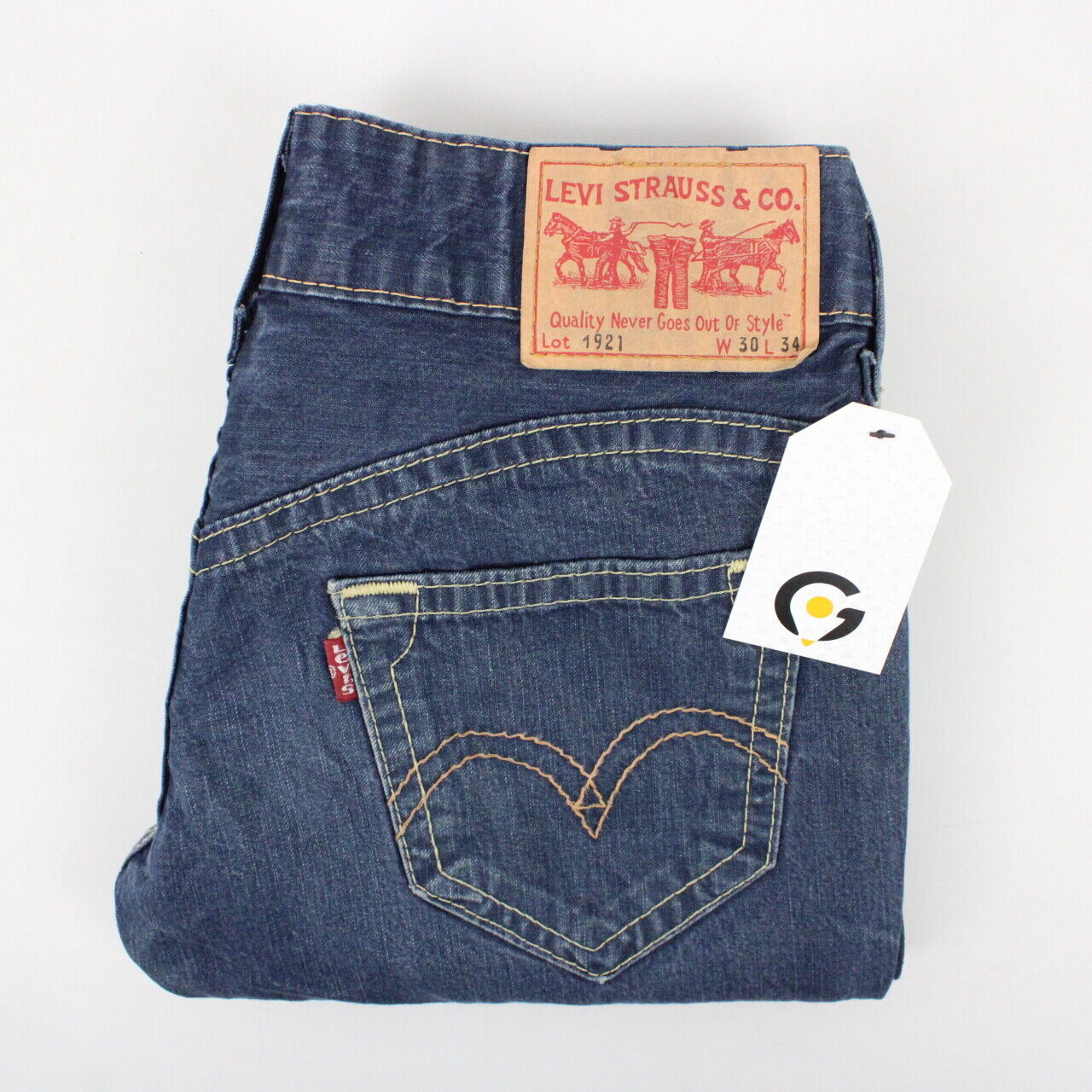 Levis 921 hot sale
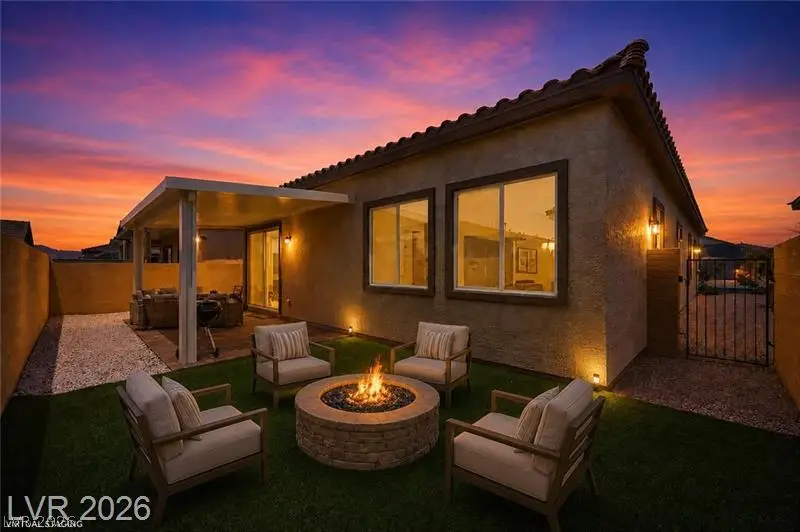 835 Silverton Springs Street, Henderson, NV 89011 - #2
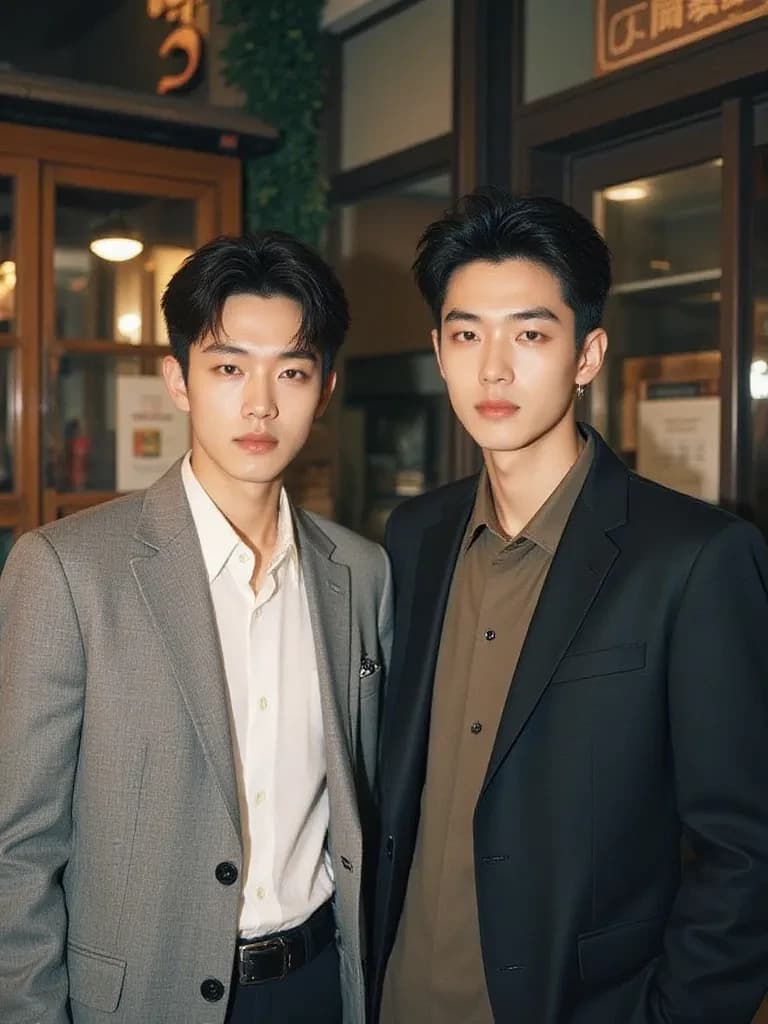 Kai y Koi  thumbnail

+++

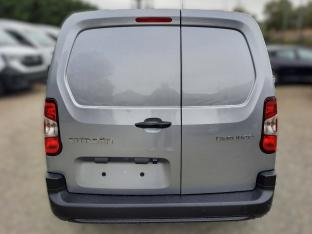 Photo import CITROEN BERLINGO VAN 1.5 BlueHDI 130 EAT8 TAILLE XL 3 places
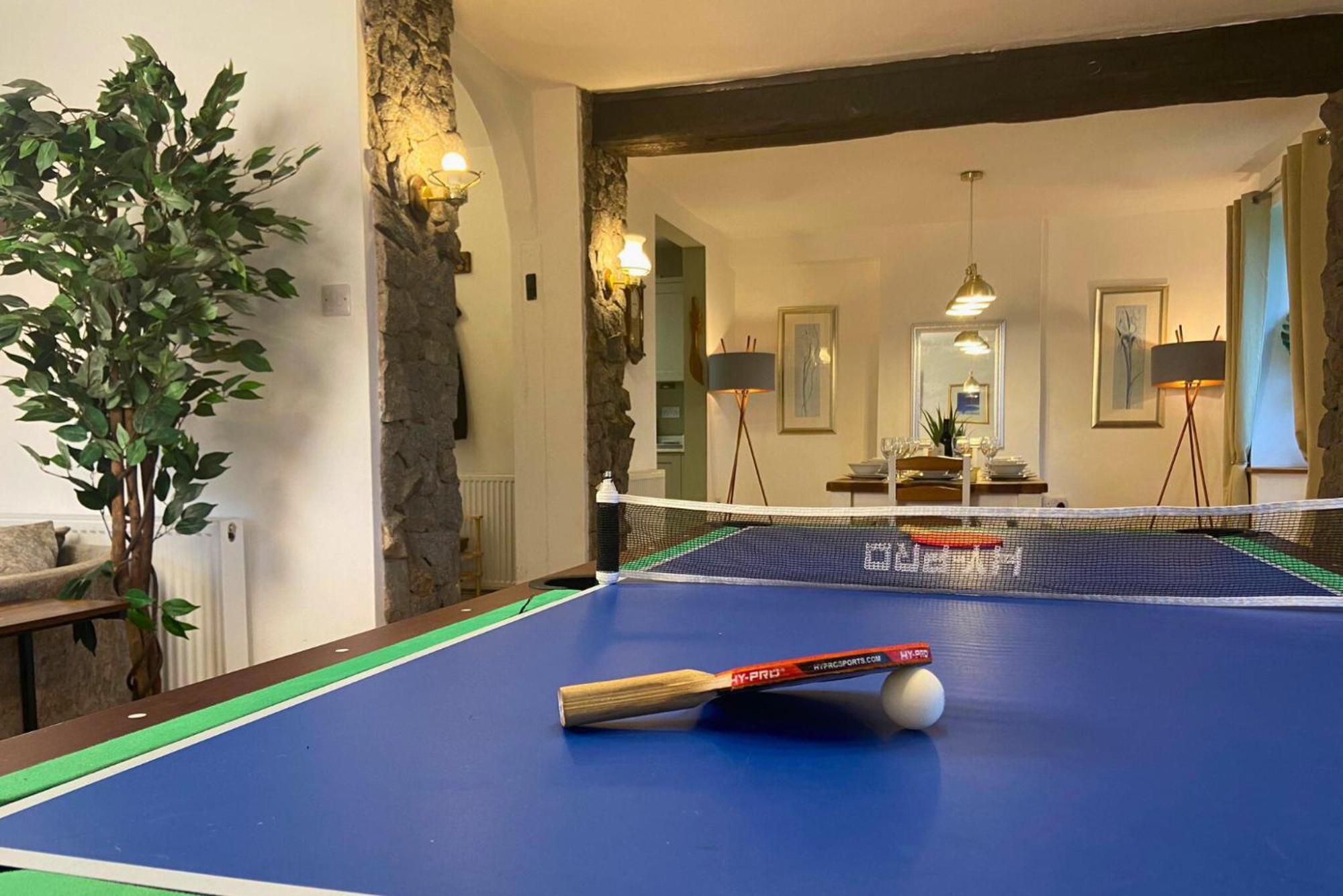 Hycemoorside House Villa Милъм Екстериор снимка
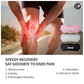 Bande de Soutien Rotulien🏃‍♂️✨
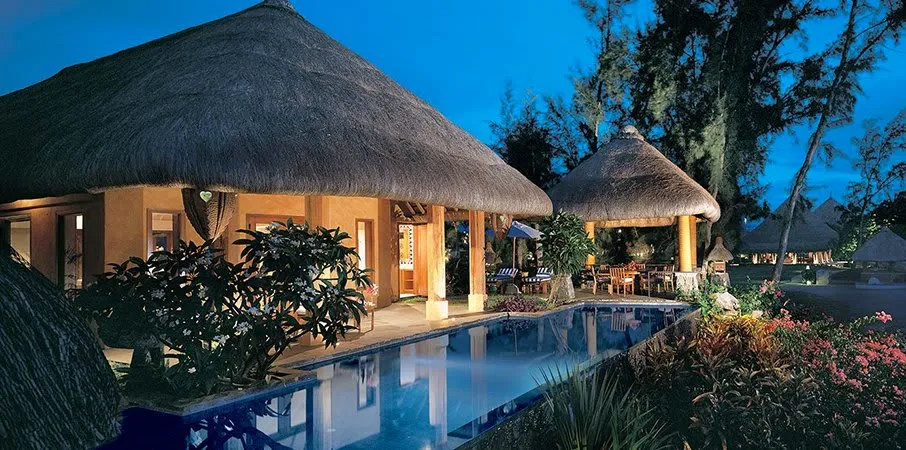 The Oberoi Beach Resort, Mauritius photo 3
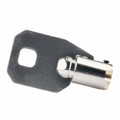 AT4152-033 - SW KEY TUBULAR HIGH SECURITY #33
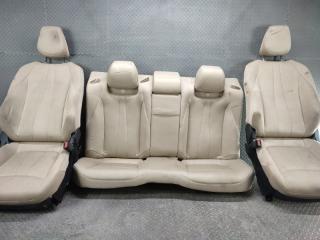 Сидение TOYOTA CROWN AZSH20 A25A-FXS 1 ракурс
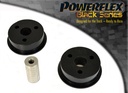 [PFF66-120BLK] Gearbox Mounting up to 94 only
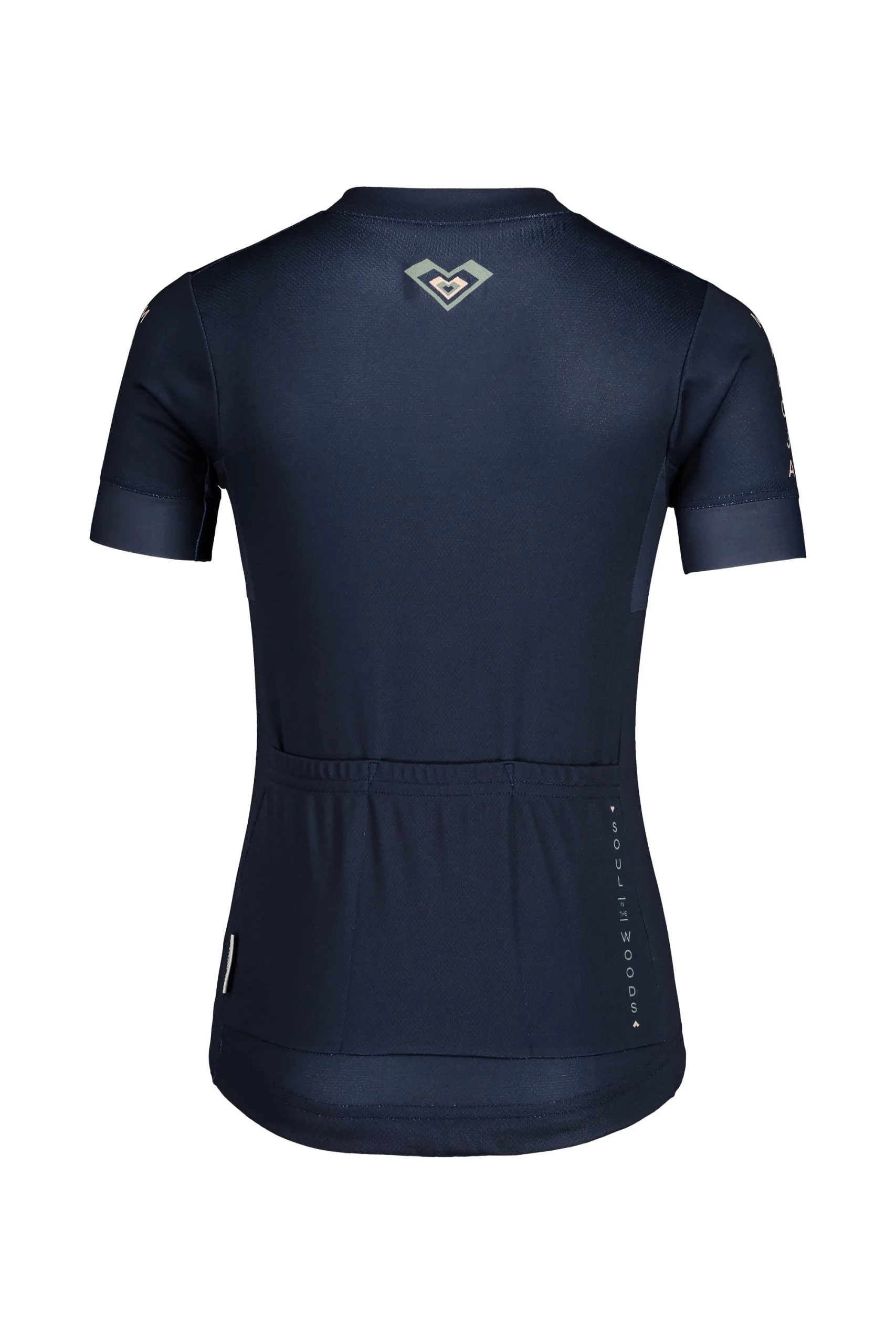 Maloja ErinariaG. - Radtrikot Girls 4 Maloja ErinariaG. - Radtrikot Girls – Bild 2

+++

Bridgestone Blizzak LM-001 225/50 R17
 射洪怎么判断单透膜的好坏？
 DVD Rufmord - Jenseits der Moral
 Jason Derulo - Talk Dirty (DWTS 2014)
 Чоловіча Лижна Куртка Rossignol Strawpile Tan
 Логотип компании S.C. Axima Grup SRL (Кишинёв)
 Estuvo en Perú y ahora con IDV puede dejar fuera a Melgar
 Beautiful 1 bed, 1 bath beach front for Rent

+++

Exercise directions: Beginning with the line containing "Логотип компании S.C." in the material above, copy every line exactly until you have copied the line containing "Beautiful 1 bed, 1 bath beach front for Rent".

Solution to the exercise:
 Логотип компании S.C. Axima Grup SRL (Кишинёв)
 Estuvo en Perú y ahora con IDV puede dejar fuera a Melgar
 Beautiful 1 bed, 1 bath beach front for Rent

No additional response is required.